* Stored items *
=== Section Start ===

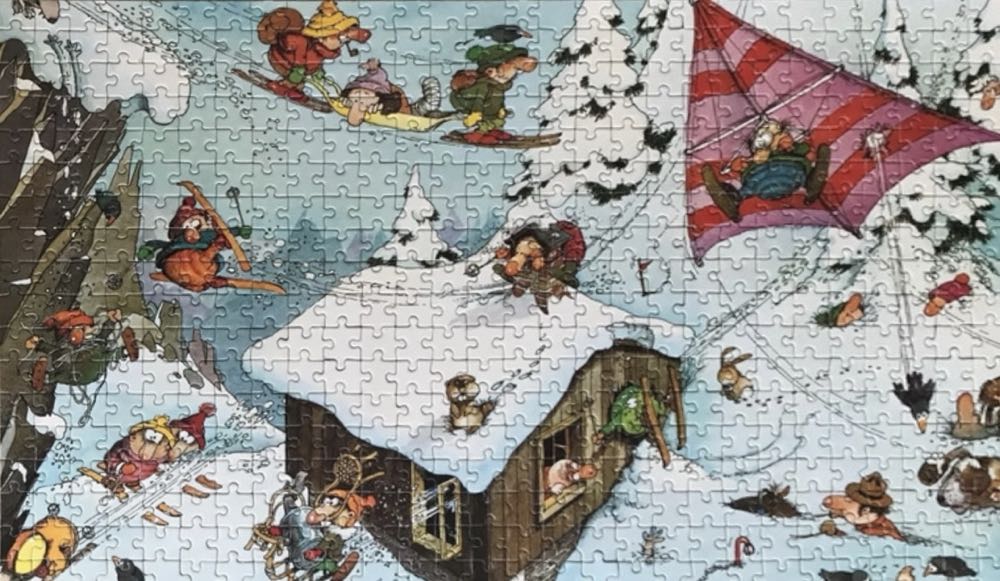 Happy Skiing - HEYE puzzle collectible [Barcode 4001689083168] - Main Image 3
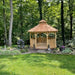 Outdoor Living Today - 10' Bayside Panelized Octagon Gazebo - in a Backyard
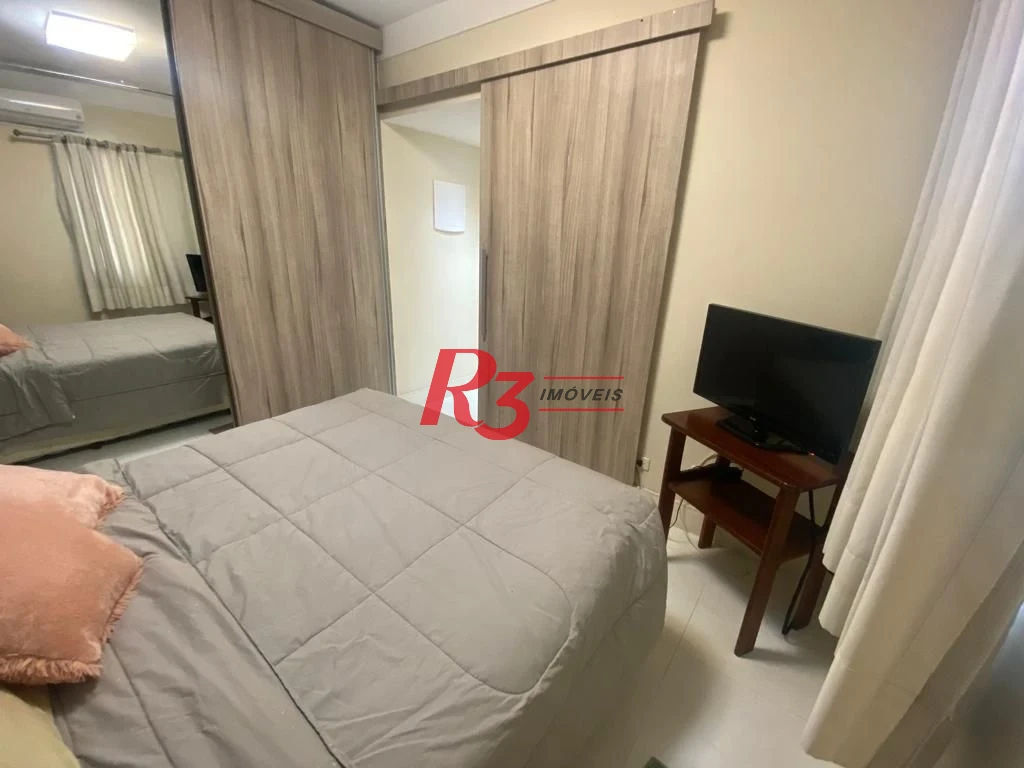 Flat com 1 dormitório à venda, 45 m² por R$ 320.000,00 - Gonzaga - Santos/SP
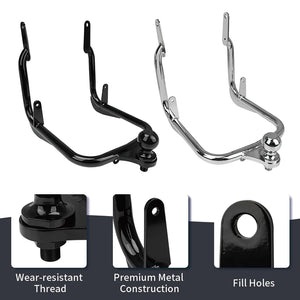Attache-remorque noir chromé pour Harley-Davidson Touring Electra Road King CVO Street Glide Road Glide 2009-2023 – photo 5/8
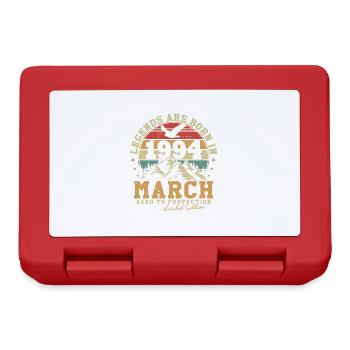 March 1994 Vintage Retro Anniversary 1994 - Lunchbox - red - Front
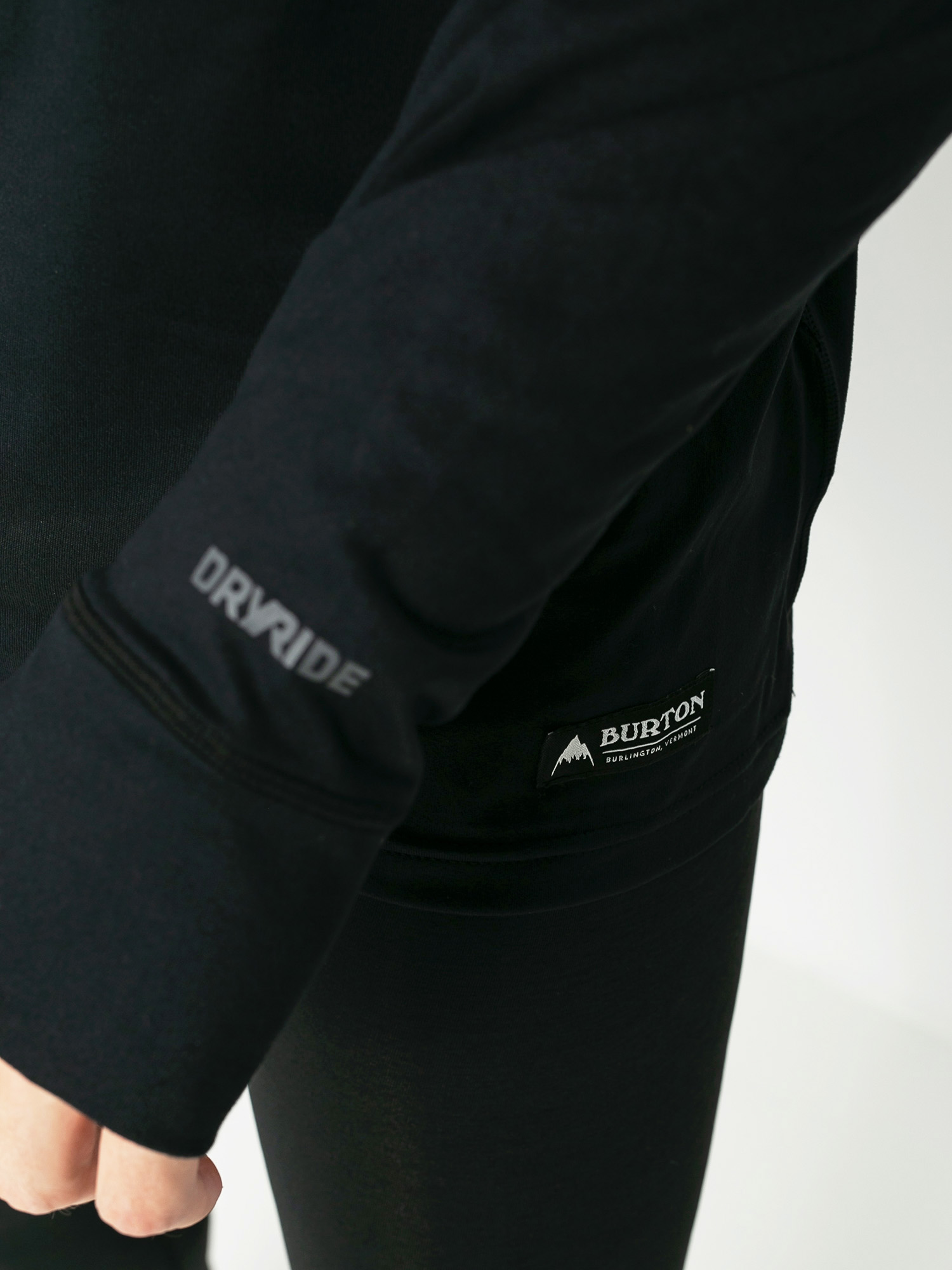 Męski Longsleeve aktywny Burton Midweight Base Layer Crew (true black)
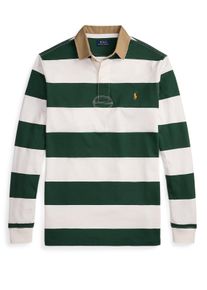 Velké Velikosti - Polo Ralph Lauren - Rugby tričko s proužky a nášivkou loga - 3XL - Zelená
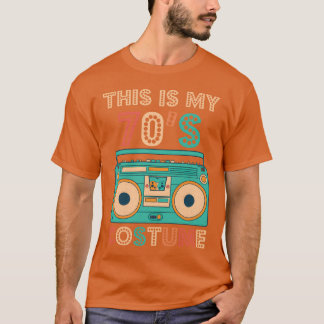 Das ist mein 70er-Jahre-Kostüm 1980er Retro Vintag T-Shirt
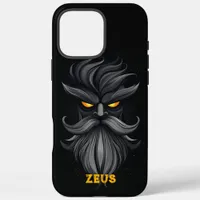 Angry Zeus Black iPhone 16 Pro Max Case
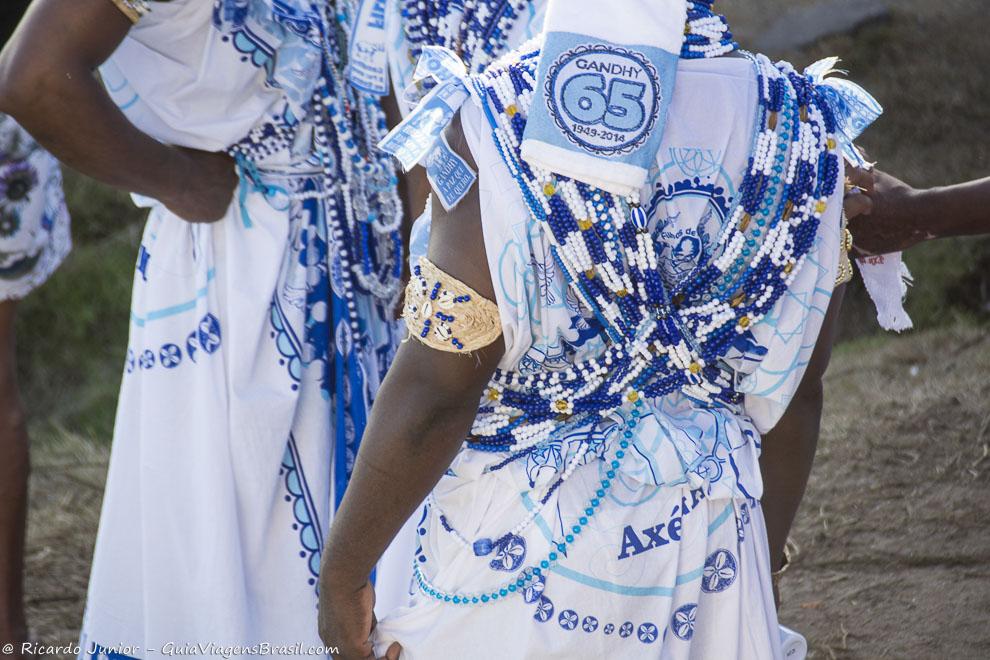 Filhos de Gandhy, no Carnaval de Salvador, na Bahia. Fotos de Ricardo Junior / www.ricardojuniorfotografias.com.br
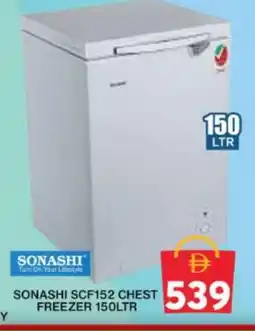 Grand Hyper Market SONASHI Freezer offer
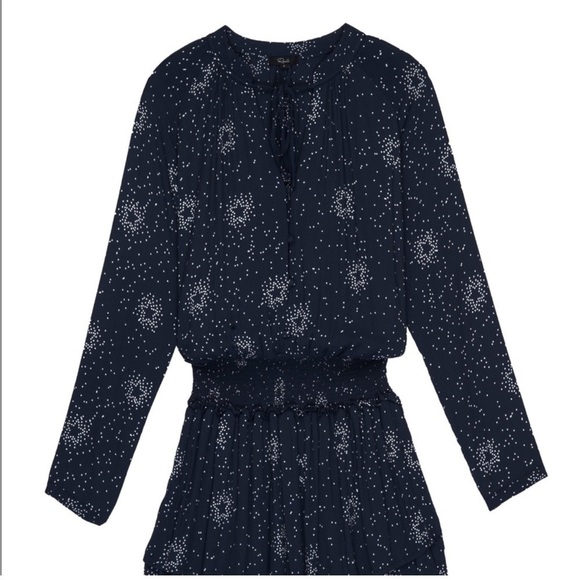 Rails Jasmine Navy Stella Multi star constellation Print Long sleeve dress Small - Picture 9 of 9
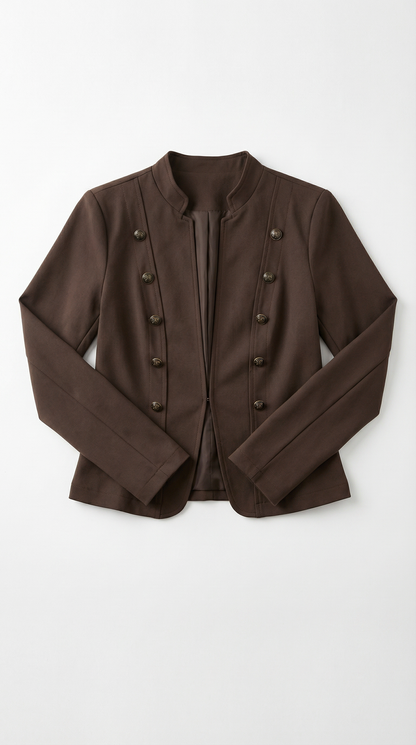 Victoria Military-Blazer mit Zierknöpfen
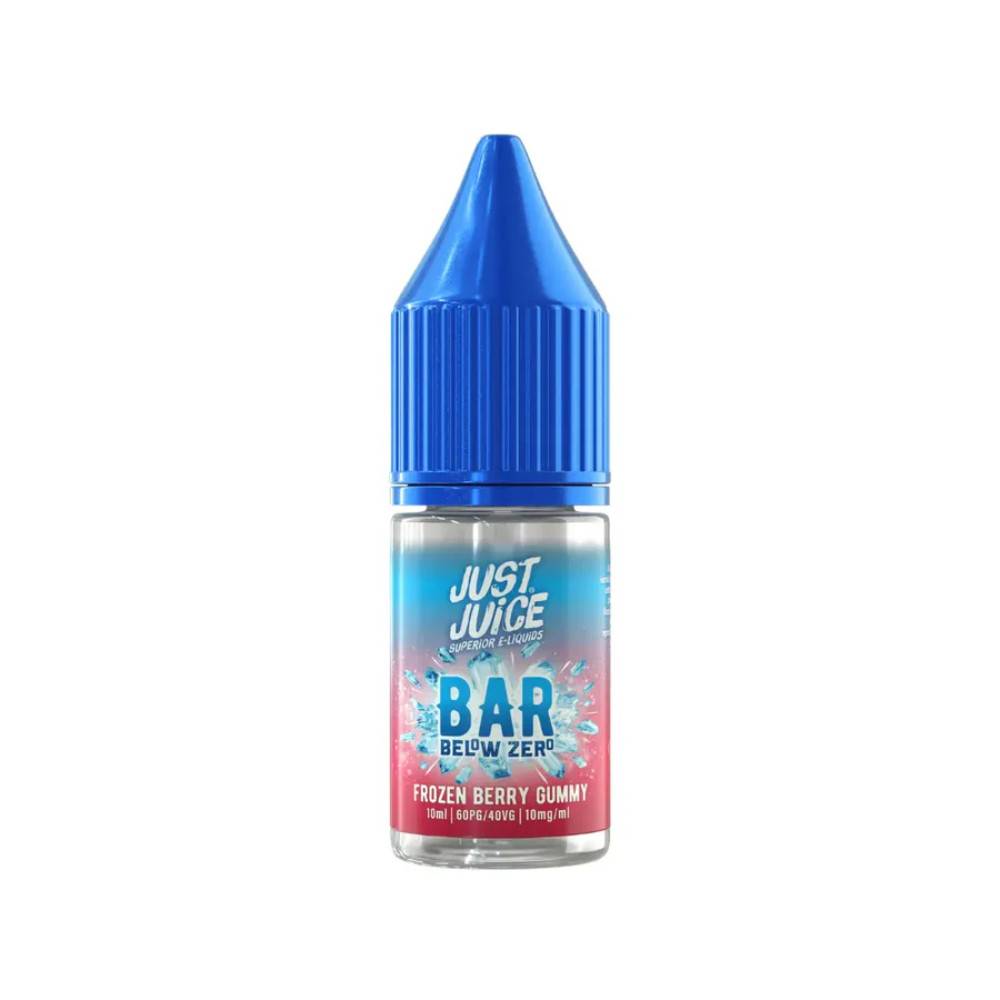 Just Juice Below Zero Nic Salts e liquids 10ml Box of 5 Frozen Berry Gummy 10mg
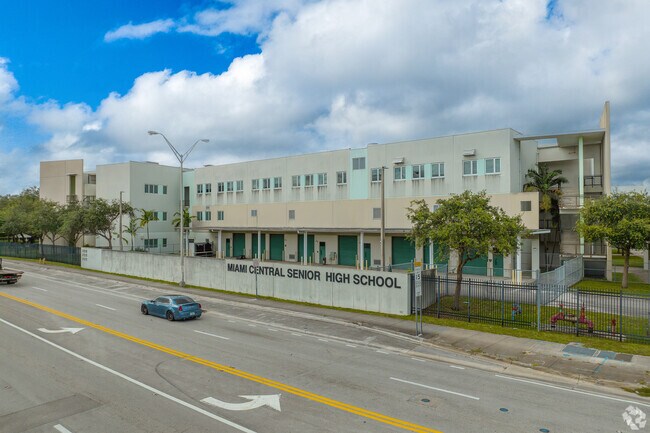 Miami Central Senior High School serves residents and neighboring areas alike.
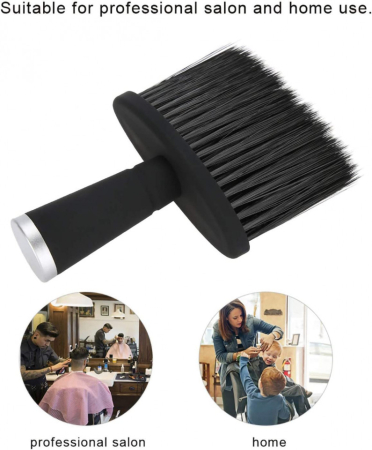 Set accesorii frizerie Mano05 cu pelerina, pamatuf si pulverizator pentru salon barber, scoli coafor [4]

=== Section End ===

* Try it *
Copy exactly, please, every line from the one holding "Attache-remorque noir chromé" through the last line of the data, both ends included, and no pictures.

* Final answer *
Attache-remorque noir chromé pour Harley-Davidson Touring Electra Road King CVO Street Glide Road Glide 2009-2023 – photo 5/8
 March 1994 Vintage Retro Anniversary 1994 - Lunchbox - red - Front
 Męski Longsleeve aktywny Burton Midweight Base Layer Crew (true black)
 Velké Velikosti - Polo Ralph Lauren - Rugby tričko s proužky a nášivkou loga - 3XL - Zelená
 Das ist mein 70er-Jahre-Kostüm 1980er Retro Vintag T-Shirt
 Angry Zeus Black iPhone 16 Pro Max Case
 Filhos de Gandhy, no Carnaval de Salvador, na Bahia. Fotos de Ricardo Junior / www.ricardojuniorfotografias.com.br
 Grand Hyper Market SONASHI Freezer offer
 Rails Jasmine Navy Stella Multi star constellation Print Long sleeve dress Small - Picture 9 of 9
 Victoria Military-Blazer mit Zierknöpfen
 Just Juice Below Zero Nic Salts e liquids 10ml Box of 5 Frozen Berry Gummy 10mg
 Miami Central Senior High School serves residents and neighboring areas alike.
 Set accesorii frizerie Mano05 cu pelerina, pamatuf si pulverizator pentru salon barber, scoli coafor [4]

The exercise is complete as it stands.